# Antique-Locks The Forum > Miscellaneous Question & Answer Forum >  New to Key collecting - Pointers please?

## Magi-Ken

Hi,

   I had an old key from when I was a kid and inhereted one from my dad.  I rarely throw any modern keys away either.   I may lose them, but never discard them.  Needless to say, over the years I have acquired a mass of more modern keys.   I never thought of it as a collection until recently; since antique keys have caught my interest, mostly larger keys or those with very interesting looking bits.

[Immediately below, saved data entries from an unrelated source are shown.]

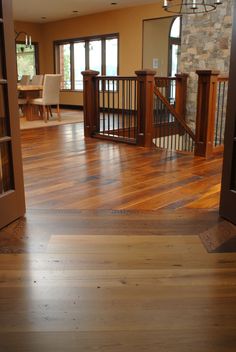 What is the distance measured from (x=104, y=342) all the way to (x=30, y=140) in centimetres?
492

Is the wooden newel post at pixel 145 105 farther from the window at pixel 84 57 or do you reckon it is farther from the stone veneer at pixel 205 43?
the window at pixel 84 57

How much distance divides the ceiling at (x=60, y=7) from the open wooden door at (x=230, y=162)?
7410mm

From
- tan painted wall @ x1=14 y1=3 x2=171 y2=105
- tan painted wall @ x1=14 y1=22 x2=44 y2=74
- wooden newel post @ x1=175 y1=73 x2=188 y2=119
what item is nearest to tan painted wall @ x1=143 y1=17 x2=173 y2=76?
tan painted wall @ x1=14 y1=3 x2=171 y2=105

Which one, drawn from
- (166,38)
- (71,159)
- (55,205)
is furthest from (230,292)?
(166,38)

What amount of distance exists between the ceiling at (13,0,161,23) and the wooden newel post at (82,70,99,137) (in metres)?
3.89

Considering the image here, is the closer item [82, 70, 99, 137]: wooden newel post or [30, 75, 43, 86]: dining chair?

I have just started buying some keys that interest me on the Inernet.  However I will have to admit, I do not know what I am doing.  I go by what appeals to me and judge price by what others are paying for similar keys or what they are bidding on ones I want.  Most of those I do not get as they usually out-bid the level I am willing or able to iinvest.

In finding and looking at this forum it seems like a good place to start.  I have seen some recommend something called The Lock Collector.  It seems to be a magazine, paper or e-magazine I cannot determine.  I will have to search for it.  Perhaps someone can help with a where to look if I do not find it first.

My main question is an appeal for pointers on getting started and any pitfalls I should avoid.  Can you help me or direct me to additional resources, webpages, clubs, or people I should know about? 

Thanks, much appreciated in advance.

----------